Bypassing active crossover of a speaker

Hi, I tried to design my own speaker from scratch and i want to add some features to my speaker such as low power mode. A short description of the speaker is here: the speaker has two drivers - a woofer and a tweeter. The signal passed into the speaker goes through an equaliser, an active crossover, the amplification stage, and then the drivers.
Here is my question. So, in low power mode, I am thinking that the signal will be fed straight to the amplification stage for the tweeter (bypassing the crossover and also switch off the woofer) to save the power used by the woofer. To do this, could I simply connect a switch spanning across crossover to short it out when low power mode is used? Will there be issues caused by this approach?
 
You're going to switch out the woofer?
You're going to bypass the crossover and send a full range signal to the tweeter?
If I read you clearly, you will end up with no bass/midrange and a damaged tweeter.
To save power, you simply turn the volume down.
 
You're going to switch out the woofer?
You're going to bypass the crossover and send a full range signal to the tweeter?
If I read you clearly, you will end up with no bass/midrange and a damaged tweeter.
To save power, you simply turn the volume down.
Hi, thank you for your response.
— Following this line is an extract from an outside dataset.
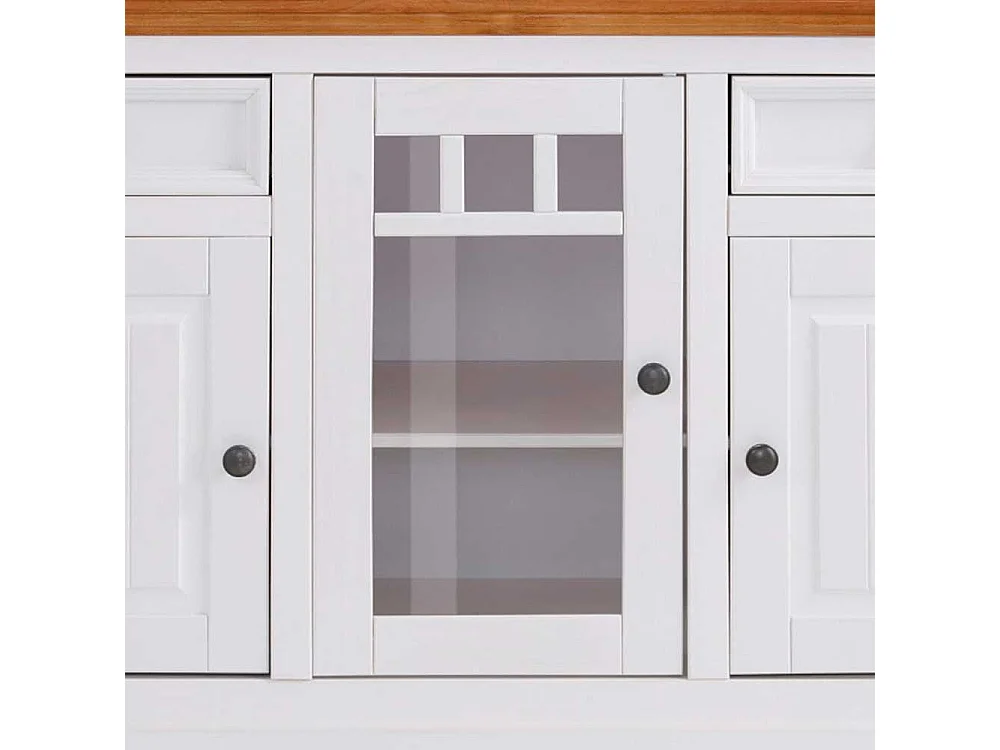 Sideboard Holzkommode im Landhausstil mit Glastür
Yes, I agree with you that it is a stupid idea for feeding all the frequency into tweeter as it will only damage it. However, if instead, can I short the crossover and feed the signal straight to the woofer as woofer is less likely to be damaged? Just to be clear, I am not going for high sound quality in low power mode, it is just a feature that i am thinking of doing.
 
A tweeter consumes little power so disconnecting it will save you next to nothing, but leave you listening to music which has lost its 'sparkle'.

No one I know has ever considered disconnecting a tweeter or a woofer to achieve a "low power mode".

To be blunt, your idea makes no sense to me.

The way to save power is simply not to play your music too loud.

A loudspeaker only consumes the amount of power you ask the amplifier to deliver to it, and you control that amount with the volume knob.